Verified by St. Jude Children's Research Hospital, November 2008
Sponsored by: St. Jude Children's Research Hospital
Information provided by: St. Jude Children's Research Hospital
ClinicalTrials.gov Identifier: NCT00145626
  Purpose

Recent studies of conventional chemotherapy for infants with high-risk hematologic malignancies show that the long-term disease-free survival is low. Although blood and marrow stem cell transplantation using an HLA identical sibling has improved the outcome for these children, less than 25% have this donor source available. Another option is haploidentical transplantation using a partially matched family member donor (i.e. parental donor).

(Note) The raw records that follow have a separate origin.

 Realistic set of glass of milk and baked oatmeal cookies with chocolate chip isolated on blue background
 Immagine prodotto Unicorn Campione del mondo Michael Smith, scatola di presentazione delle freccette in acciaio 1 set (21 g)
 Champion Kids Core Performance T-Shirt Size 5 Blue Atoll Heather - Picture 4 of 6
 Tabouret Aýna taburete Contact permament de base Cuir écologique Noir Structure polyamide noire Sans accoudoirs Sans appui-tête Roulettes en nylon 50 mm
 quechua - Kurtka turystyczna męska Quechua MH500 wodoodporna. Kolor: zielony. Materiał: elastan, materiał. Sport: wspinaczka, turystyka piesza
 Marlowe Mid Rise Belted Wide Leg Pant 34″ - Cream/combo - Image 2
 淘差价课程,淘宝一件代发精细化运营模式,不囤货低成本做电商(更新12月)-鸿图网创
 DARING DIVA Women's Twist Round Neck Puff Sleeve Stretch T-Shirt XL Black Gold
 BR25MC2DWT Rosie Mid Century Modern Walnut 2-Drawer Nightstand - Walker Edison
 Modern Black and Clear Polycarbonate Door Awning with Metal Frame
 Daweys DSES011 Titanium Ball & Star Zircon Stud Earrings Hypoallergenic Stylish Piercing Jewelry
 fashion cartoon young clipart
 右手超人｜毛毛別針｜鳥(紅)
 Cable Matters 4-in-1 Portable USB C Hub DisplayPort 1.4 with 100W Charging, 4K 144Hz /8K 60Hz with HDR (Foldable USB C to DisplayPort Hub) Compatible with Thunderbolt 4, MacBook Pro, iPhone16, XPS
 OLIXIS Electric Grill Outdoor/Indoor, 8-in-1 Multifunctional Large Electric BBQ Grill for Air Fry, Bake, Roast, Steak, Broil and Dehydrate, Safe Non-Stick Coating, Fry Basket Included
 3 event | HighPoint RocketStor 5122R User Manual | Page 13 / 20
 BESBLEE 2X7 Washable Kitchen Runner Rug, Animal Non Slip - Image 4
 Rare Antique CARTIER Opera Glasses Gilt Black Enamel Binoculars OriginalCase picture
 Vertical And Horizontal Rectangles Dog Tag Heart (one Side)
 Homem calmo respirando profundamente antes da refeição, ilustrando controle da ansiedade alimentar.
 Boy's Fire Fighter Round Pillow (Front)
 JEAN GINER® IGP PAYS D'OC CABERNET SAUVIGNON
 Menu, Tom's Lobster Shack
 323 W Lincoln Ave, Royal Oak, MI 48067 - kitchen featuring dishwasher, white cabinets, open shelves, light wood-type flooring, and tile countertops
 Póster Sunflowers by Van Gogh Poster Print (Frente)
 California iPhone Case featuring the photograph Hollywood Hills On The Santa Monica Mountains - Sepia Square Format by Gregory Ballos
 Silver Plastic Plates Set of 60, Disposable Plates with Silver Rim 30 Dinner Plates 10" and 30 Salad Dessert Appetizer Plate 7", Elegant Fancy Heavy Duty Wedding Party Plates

Although haploidentical transplantation has proven curative for some patients, this procedure has been hindered by significant complications, primarily regimen-related toxicity including infection and graft versus host disease (GVHD). Building on prior institutional trials, this study will provide patients a haploidentical graft depleted of T lymphocytes using the investigational device, CliniMACS selection system. One week after the transplant procedure, patients will also receive an infusion of additional donor derived white blood cells called Natural Killer (NK) cells in an effort to decrease risks for rejection of the graft, disease relapse, and regimen related toxicity. The primary objective of the study is to evaluate 1 year survival in infants with high risk hematologic malignancies who receive this study treatment.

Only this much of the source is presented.